What is needed: Reproduce exactly the entries from the "carport attached to" line to the end. Skip all pictures.

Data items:
════════════════

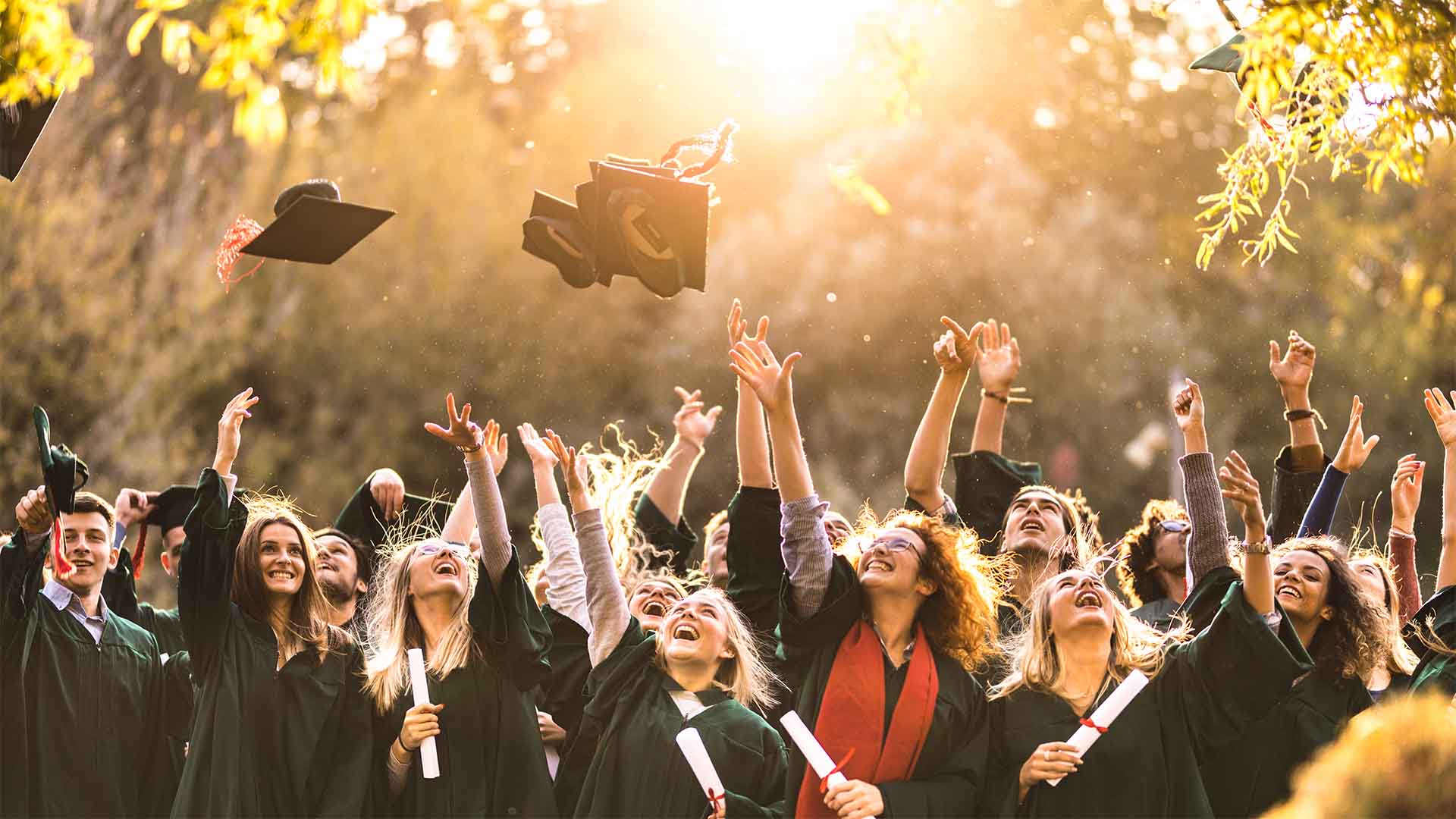University graduates throwing their boards into the air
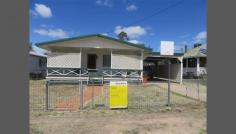  36 Hoffman St Roma QLD 4455 
 Easy To Maintain 4 Bedroom Home 
 4 Bedroom home. All bedrooms are 
carpeted and have built in cupboards. The bathroom is semi modern with 
shower and separate bath. Toilet is separate. Open plan kitchen dining 
and lounge room. Ducted air conditioning and wall air con in living 
area. Western awnings and lattice awning on the front verandah. Garden 
shed at the rear of the block. Concrete driveway leading into the 
carport attached to the home. Fully fenced 991 square metre houseyard. Currently rented for $450 per week until 7th November 2014. 
 


 
 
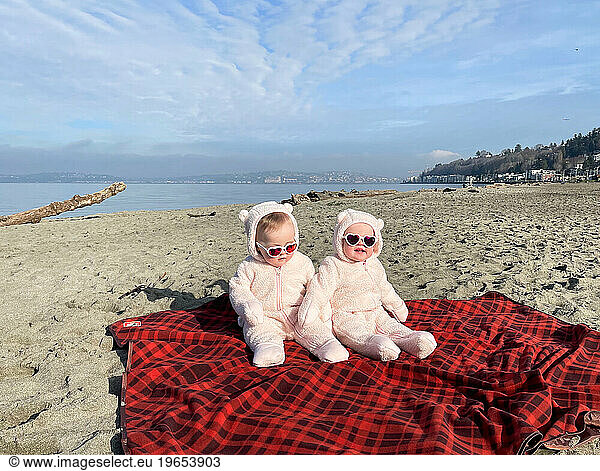 Twin baby girls in pink bear onesies on the beach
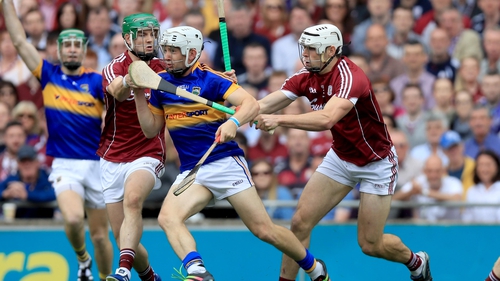 Tipperary's Niall O'Meara with Adrian Touchy and John Hanbury of Galway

════════════════

Written response:
carport attached to the home. Fully fenced 991 square metre houseyard. Currently rented for $450 per week until 7th November 2014. 
 


 
 
 Twin baby girls in pink bear onesies on the beach
 Tipperary's Niall O'Meara with Adrian Touchy and John Hanbury of Galway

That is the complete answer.